Researchers say that cryptocurrencies have become an increasingly important topic widely covered by the media, and discussed by government bodies, businesses and academic communities. Besides the numerous policy papers and reports, there were significant attempts by financial scholars to analyse cryptocurrencies as investment assets. Recently, the focus of the research has expanded from the technical aspects and stylised facts of cryptocurrency markets to a variety of issues, such as hedging and safe haven properties of cryptocurrencies, return-volume relationships, speculation and market efficiency. The majority of these papers, however, focused solely on Bitcoin, omitting other cryptocurrencies. Furthermore, there is a lack of research on interconnectedness of the cryptocurrencies with other markets.

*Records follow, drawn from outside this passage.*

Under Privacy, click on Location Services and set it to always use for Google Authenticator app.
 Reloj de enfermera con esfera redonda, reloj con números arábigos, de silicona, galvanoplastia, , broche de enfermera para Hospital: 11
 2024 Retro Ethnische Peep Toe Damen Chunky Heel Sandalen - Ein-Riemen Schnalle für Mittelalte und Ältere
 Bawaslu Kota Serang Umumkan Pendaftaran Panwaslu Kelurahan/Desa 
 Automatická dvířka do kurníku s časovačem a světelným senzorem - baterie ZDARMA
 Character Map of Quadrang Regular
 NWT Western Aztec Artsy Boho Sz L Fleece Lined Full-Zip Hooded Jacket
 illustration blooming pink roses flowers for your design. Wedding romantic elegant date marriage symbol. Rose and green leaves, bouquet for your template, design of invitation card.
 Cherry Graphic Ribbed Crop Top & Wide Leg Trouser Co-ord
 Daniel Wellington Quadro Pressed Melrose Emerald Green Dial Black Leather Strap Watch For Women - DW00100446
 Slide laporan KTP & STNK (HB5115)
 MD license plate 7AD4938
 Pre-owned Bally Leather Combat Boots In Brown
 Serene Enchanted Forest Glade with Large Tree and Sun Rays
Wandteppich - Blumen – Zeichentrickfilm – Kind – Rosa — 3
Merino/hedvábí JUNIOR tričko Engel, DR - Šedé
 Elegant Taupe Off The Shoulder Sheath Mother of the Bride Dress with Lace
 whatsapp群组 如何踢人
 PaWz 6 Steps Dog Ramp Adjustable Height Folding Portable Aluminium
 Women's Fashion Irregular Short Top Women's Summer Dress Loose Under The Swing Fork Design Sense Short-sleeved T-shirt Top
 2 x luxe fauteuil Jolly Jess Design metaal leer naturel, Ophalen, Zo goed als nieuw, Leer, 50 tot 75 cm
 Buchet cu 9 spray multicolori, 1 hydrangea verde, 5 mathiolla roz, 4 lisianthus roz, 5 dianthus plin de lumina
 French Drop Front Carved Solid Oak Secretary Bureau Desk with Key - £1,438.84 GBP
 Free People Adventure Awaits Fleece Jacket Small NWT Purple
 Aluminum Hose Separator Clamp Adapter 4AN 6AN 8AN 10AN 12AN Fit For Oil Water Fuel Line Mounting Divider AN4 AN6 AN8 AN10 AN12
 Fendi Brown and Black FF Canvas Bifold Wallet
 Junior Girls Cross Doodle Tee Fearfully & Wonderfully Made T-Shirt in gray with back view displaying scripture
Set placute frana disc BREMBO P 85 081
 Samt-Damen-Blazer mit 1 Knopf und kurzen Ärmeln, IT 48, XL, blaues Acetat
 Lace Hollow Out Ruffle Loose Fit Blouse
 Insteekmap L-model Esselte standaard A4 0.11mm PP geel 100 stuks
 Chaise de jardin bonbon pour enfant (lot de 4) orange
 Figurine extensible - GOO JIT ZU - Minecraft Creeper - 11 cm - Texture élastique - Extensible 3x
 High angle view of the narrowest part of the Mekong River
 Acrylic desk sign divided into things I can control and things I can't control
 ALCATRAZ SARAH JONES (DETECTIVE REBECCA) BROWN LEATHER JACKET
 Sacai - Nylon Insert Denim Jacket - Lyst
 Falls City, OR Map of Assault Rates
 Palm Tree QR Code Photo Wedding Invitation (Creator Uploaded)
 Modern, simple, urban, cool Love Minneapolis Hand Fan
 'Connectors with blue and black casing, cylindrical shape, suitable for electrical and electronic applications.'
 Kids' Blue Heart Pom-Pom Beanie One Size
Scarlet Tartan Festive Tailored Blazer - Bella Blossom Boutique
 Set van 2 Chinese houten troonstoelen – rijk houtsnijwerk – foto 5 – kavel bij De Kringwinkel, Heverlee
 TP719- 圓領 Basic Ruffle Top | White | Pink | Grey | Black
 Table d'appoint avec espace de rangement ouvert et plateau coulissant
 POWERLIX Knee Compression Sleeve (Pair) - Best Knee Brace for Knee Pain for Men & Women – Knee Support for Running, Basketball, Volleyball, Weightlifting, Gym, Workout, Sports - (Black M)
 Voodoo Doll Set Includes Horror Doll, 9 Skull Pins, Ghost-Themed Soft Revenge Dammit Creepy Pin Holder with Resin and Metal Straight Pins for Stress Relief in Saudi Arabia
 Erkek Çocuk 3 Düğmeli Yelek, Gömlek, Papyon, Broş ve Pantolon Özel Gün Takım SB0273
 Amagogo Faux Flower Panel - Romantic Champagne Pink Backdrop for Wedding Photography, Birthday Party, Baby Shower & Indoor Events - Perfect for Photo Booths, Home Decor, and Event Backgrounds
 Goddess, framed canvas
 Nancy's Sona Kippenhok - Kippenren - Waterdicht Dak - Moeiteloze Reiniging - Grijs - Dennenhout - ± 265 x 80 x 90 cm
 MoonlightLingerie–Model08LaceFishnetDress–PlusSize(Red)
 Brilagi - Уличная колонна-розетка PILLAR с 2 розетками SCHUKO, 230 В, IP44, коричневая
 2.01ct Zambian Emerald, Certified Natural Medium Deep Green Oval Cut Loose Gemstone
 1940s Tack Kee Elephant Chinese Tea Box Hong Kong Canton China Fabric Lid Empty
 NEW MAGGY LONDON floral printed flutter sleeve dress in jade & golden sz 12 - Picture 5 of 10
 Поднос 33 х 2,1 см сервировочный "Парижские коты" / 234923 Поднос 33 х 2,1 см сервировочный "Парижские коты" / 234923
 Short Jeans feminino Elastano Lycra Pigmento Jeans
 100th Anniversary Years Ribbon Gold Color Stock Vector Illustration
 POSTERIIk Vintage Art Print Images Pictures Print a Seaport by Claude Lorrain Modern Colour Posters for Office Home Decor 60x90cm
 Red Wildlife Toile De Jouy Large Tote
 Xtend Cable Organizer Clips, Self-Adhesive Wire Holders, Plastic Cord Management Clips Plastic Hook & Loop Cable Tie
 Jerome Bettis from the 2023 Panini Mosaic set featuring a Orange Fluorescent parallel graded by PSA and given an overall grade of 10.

The dramatic growth of the virtual currencies challenge politicians and policy makers around the globe. Virtual currencies not only resemble the role of money, but also create an alternative environment for businesses. Cryptocurrency markets have recently experienced increased speculative demand exceeding their role of digital money, placing them into the category of investment assets.

New study, “Exploring the Dynamic Relationships between Cryptocurrencies and Other Financial Assets”, published on November 13, 2017, noted that for the period from October 2016 to October 2017 the market capitalisation of the Bitcoin increased from 10.1 to 79.7 billion, while the price jumped from 616 to 4800 US dollars. The remarkably high growth has been also evident for other cryptocurrencies, like Ripple and Litecoin, during this period. It is not surprising therefore, that investors attracted by the high growth of cryptocurrencies seek to achieve these abnormal returns.

However, due to the limited understanding of the nature of cryptocurrencies as investment assets, desirable returns may be not forthcoming. Investments involve a substantial level of risk due to the high volatility of cryptocurrencies. While investors can choose to invest in various markets it is vital to understand the behaviour of return and volatility of the cryptocurrencies in relation to other important financial assets to explore the benefits of diversification.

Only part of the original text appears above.